The fewer the number of races a horse has, the more he can increase his speed figures. It makes sense since he is maturing and improving when younger.

When a horse gets to be 4 years old & older and has more than a dozen races on his ledger, he's less likely to make a big jump or move forward. It can happen, but certainly not as often.

And the older a horse gets with more and more races run, the less likely he will suddenly put in an effort that increases his lifetime speed figure mark by a substantial amount.

Of course things like different surfaces, dirt to grass and vice versa, fast track to off track and vice versa, and change in distances can affect speed figures as well.

When we are scanning the speed figures of a field of horses, we should take note of any such differentials. If a horse has run on dirt for 12 races showing except for the 5th and 10th outings, which were run on grass and at a longer distance in the slop respectively, we should pretty much omit those exceptions in our analysis.

Here is a typical example of such a scenario: 67, 68, 63, 64, 44, 68, 70, 68, 70, 53, 71, 75.

Obviously this horse's grass and off track Beyers were out of line with the rest. He displayed a couple of cycling patterns that I'll get into later in our 3 example races.

Back to the bounce phenomenon. And don't think it isn't real. It happens to athletes other than the equine variety also, including golfers who put in a tremendous effort when shooting a very low round such as a 63, and very often follow it with a score in the 70's. It happens every week on the pro tours.

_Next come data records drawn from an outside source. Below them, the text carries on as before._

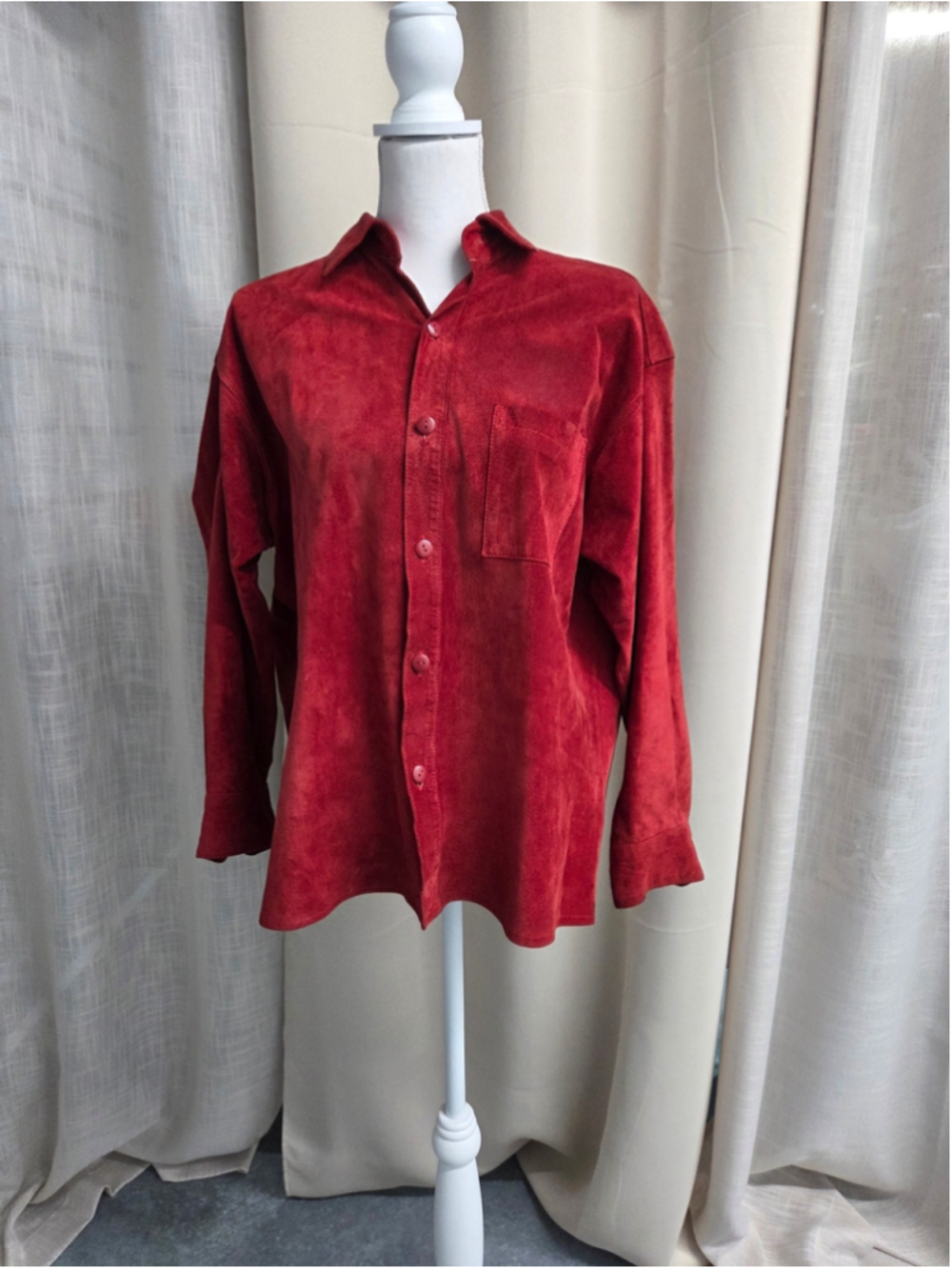 Vintage Courtney Rhodes Red Suede Leather Blouse 90s Grunge Autumnal Size L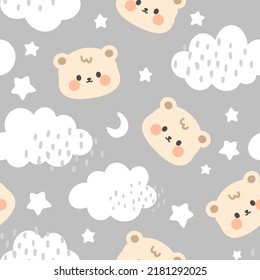 Oso de peluche marrón, cara feliz con nubes y estrellas en el cielo sobre un fondo marrón gris pastel. Animales de Kawaii niños diseño de estampado sin fisuras, tejidos y textiles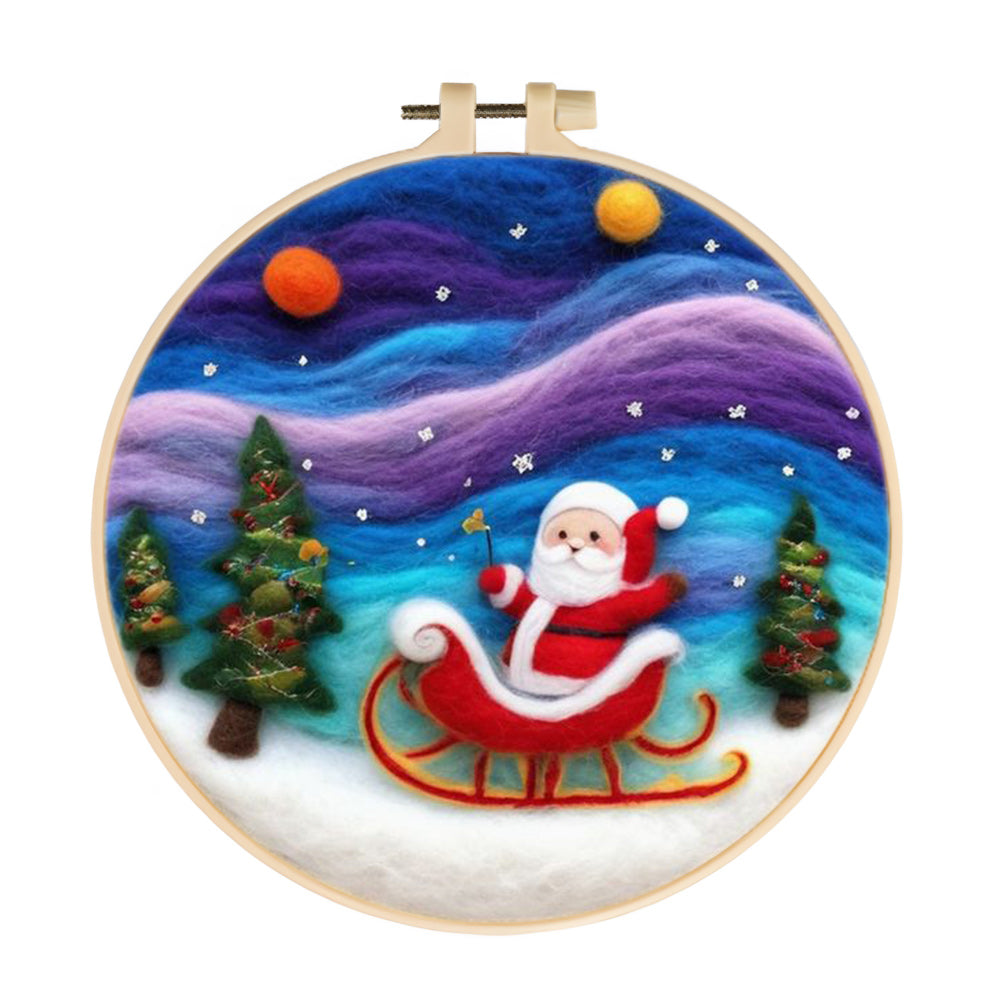 Santa’s Colorful Sled Wool Needle Felting Painting Kit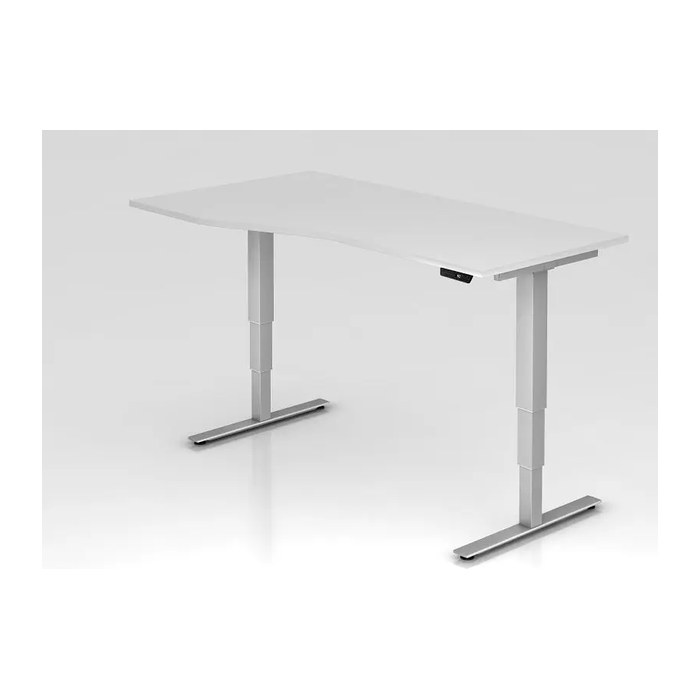 HAMMERBACHER VXDSM18 elektrisch höhenverstellbarer Schreibtisch weiß Trapezform, T-Fuß-Gestell silber 180,0 x 100,0 cm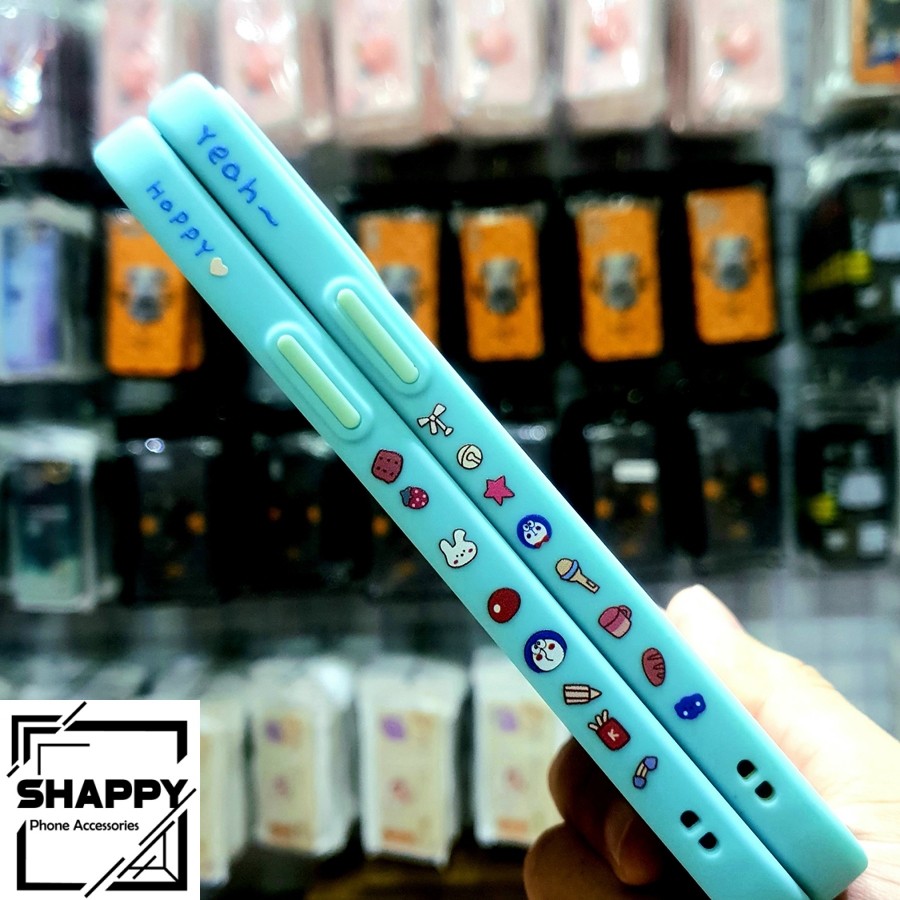 Ốp Lưng IPhone Đoremon Yeah Happy Viền Màu Các Dòng 7Plus/8Plus/X/XS/XsMax/11/11ProMax/12ProMax [Shappy Shop]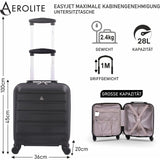 Aerolite 45x36x20cm Koffer Handgepäck easyJet Maximale Größe ABS Cabin Baggage Hartschale Untersitz Bordkoffer Flugtasche mit 4 Rollen 5 Jahre Garantie - Aerolite DE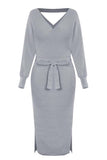 V Neck Backless Sweater Midi Dress(5 Colors)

After I put a big red check mark above the highest Beyer in the field, I then will try to get an idea of what this likely favorite is going to do next.

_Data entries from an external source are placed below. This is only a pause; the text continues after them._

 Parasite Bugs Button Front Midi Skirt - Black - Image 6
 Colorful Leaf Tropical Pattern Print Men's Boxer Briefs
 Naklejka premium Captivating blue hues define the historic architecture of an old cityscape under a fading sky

Will he improve and run a higher figure? Or will he regress some and run a lower number?

First of all, if this figure is not his best showing in his p.p.s, it is much more likely that he will not bounce or regress than if it not only is, but is by a large margin, say 6 or more points.

Once I get an idea of what the top figure horse may do in today's race, I make a guestimate of what speed figure it will take to win this race.

And speaking of top figures, a spread of only a point or 2 is not all that significant. A significant best last out Beyer is one that is at least 3 points better than the other last out Beyers.

The best last out Beyer horse, no matter what the spread, wins between 26% and 30% of the time. Except on grass when that figure rises to nearly 32% or 33%.

Taking the example given above of the horse showing his last 12 Beyer speed figures, let's say his last out 75 is the best in the field by 3.

Here is a hypothetical field of 8 horses going today with their last 3 Beyers beginning with their 3rd race back and and we'll say the last out figures were all on a fast dirt track at the same 6F distance:

59, 62, 58

46, 54, 57

66, 65, 66

48, 55, 56

53, 71, 75

66, 62, 63

74, 66, 72

60, 65, 59

What would be the "target" speed figure for this field, meaning the number the winner will have to earn?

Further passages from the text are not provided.